**TASK DIRECTIONS**
Starting with the line that contains "Sanjiaofeng Rectangular Kids" and ending with the last line of the listing, print each line exactly. Pictures stay out.

**SOURCE DATA**
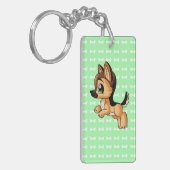 かわいいジャーマン・シェパードの子犬の倍はKeychain味方しました キーホルダー (正面左)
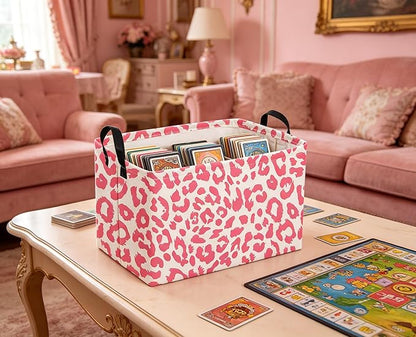 Sanjiaofeng Rectangular Kids Baskets,Leopard Print Basket,Pink Storage Basket with Handles,Waterproof Collapsible Storage Bin for Kids,Kid Room Decor,Books Box,Gift Basket(Leopard Print)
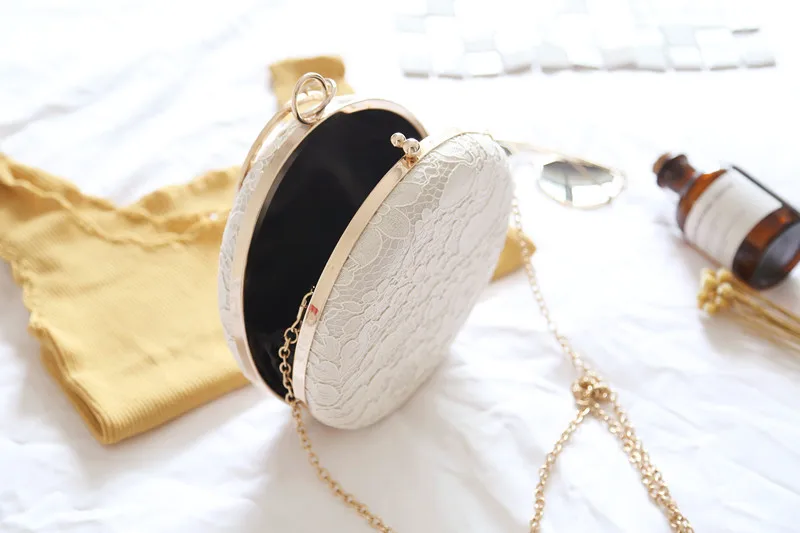 

Lace chain single shoulder bag round hand grab dinner vintage simple handbag bolsa feminina luxury handbags women bags designer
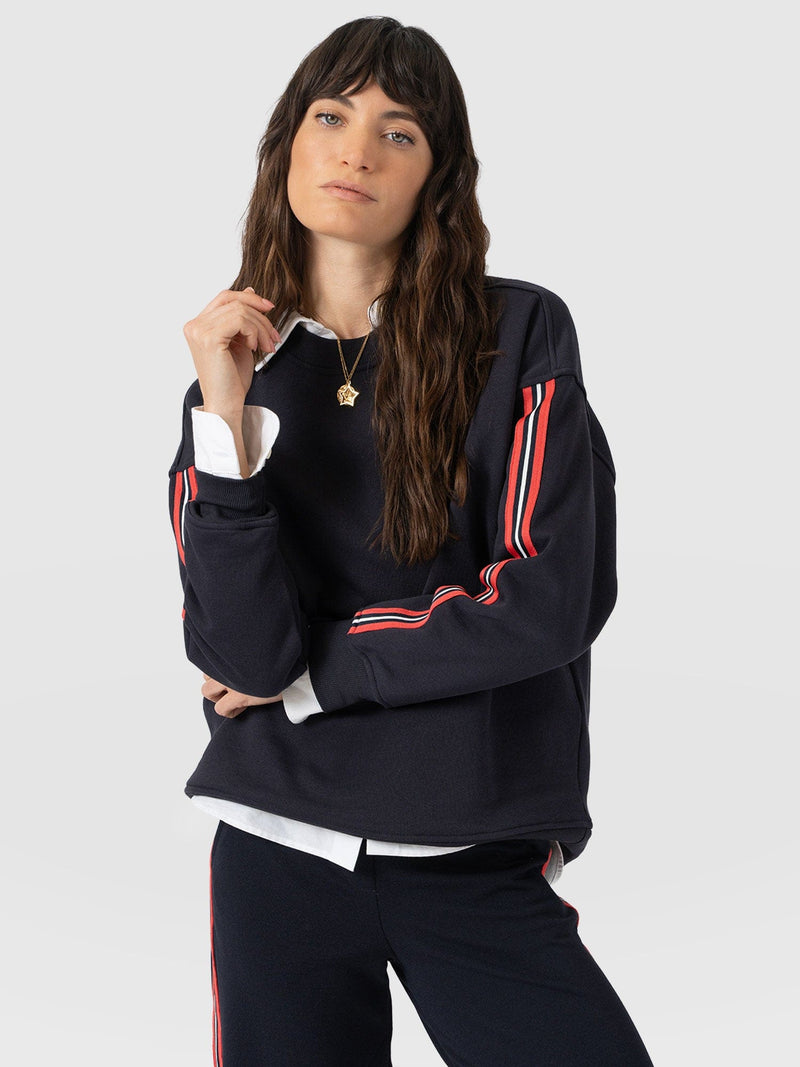 Hoxton Sweatshirt - Navy - Red Stripe - Women's Sweaters | Saint and Sofia® USA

**SOLUTION FOR THIS PROBLEM**
 Sanjiaofeng Rectangular Kids Baskets,Leopard Print Basket,Pink Storage Basket with Handles,Waterproof Collapsible Storage Bin for Kids,Kid Room Decor,Books Box,Gift Basket(Leopard Print)

Lace chain single shoulder bag round hand grab dinner vintage simple handbag bolsa feminina luxury handbags women bags designer
 Hoxton Sweatshirt - Navy - Red Stripe - Women's Sweaters | Saint and Sofia® USA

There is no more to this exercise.